■ **YOUR INSTRUCTIONS**
Output every line below as it stands, dropping only the images.

■ **INFORMATION PROVIDED**
###

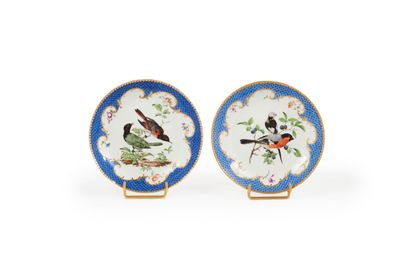 null Meissen 

Two porcelain saucers with polychrome decoration in the center of...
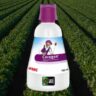 Coragen Insecticide: Uses, Benefits, Price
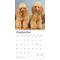 Show in main carousel: Poodles 2026 Square Flap Wall Calendar slide 4 of 4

###

■ **OUTPUT BELOW**
 null Meissen 

Two porcelain saucers with polychrome decoration in the center of...
 Coragen Insecticide: Uses, Benefits, Price
 Show in main carousel: Poodles 2026 Square Flap Wall Calendar slide 4 of 4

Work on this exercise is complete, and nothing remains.